After Tea Party Controversy, IRS Official Lois Lerner Retires
WASHINGTON - Lois Lerner, the Internal Revenue Service official at the center of a controversy over the tax agency's targeting of tea party groups, will retire, according to Congressional sources.
Lerner had been on paid administrative leave at the agency since May, after she acknowledged at an American Bar Association conference that the IRS inappropriately scrutinized conservative groups for years. As the director of the Exempt Organizations group, Lerner supervised the unit responsible for the targeting.
But she infuriated Republican lawmakers by invoking her Fifth Amendment rights and refusing to testify at a Congressional hearing into the matter.
Republican lawmakers, who have called for Lerner to be fired for months, said her retirement doesn't put to rest questions about her involvement in the targeting controversy.

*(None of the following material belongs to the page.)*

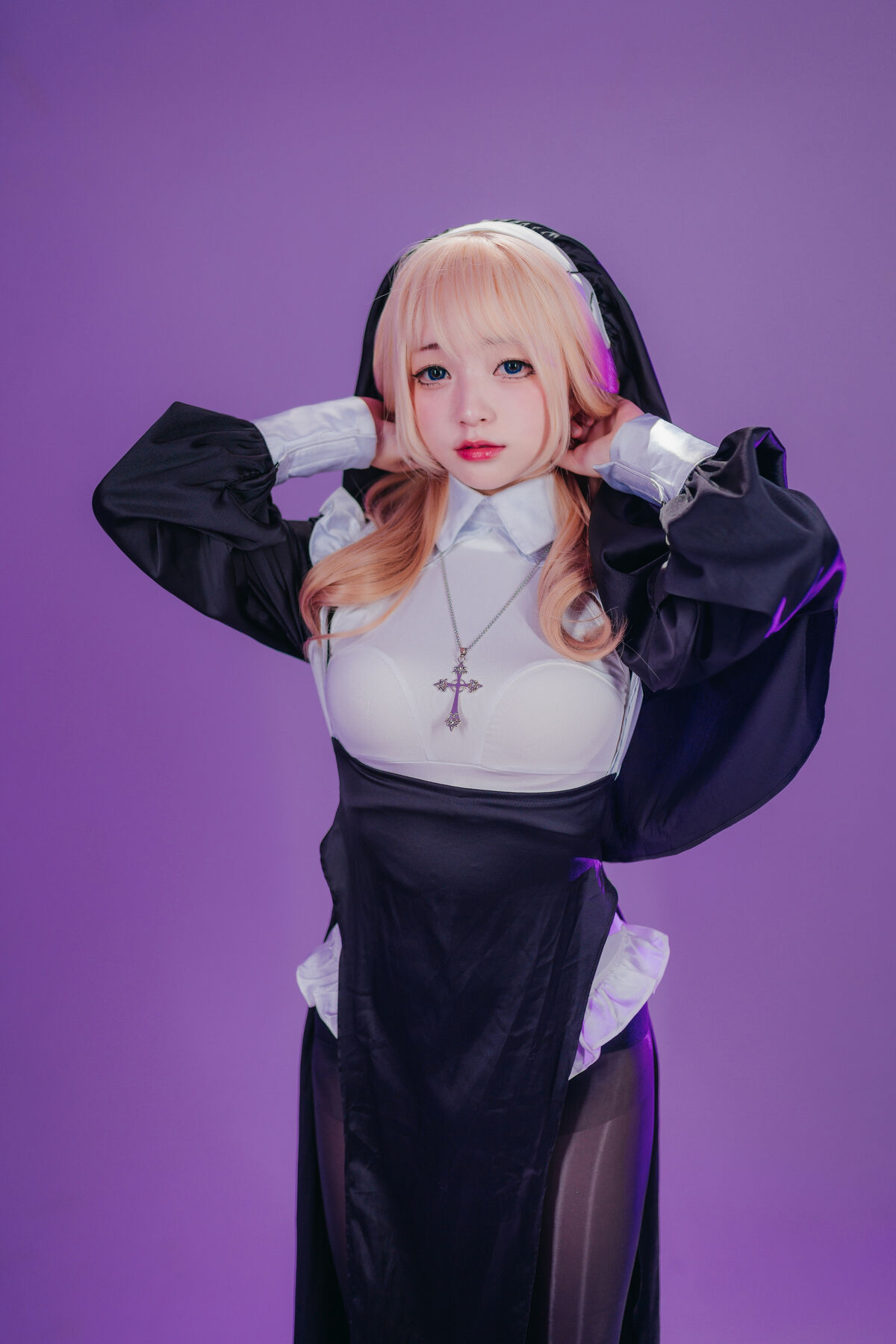 Coser@花铃 圣堂修女 Part1 0021 1309434271.jpg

"Lois Lerner's exit from the IRS does not alter the Oversight Committee's interest in understanding why applicants for tax exempt status were targeted and inappropriately treated because of their political beliefs," House Oversight Committee Chairman Darrell Issa said in a statement. "We still don't know why Lois Lerner, as a senior IRS official, had such a personal interest in directing scrutiny and why she denied improper conduct to Congress.
"Her departure does not answer these questions or diminish the Committee's interest in hearing her testimony," he added.
Democrats, however, have insisted that none of the inquiries into the matter found that there was any political motivation for targeting conservative groups.
House Ways and Means Committee ranking member Sander Levin, D-Mich., cautioned his Republican colleagues against continuing to suggest that the IRS's actions were driven by political considerations.
"Lois Lerner is being held responsible for her gross mismanagement of the IRS tax-exempt division, which led to improper handling of applications for tax-exempt status, whether conservative and progressive," Levin said in a statement. "As has been the case in all aspects of the current IRS investigation, the IRS internal Review Board found no evidence of political bias in her neglect of duties."
The IRS confirmed that Lerner has retired, but declined to comment any further on "individual employee matters," citing federal privacy rules.
In a statement, the agency said it has made progress in fixing its problems and would continue to cooperate with Congress.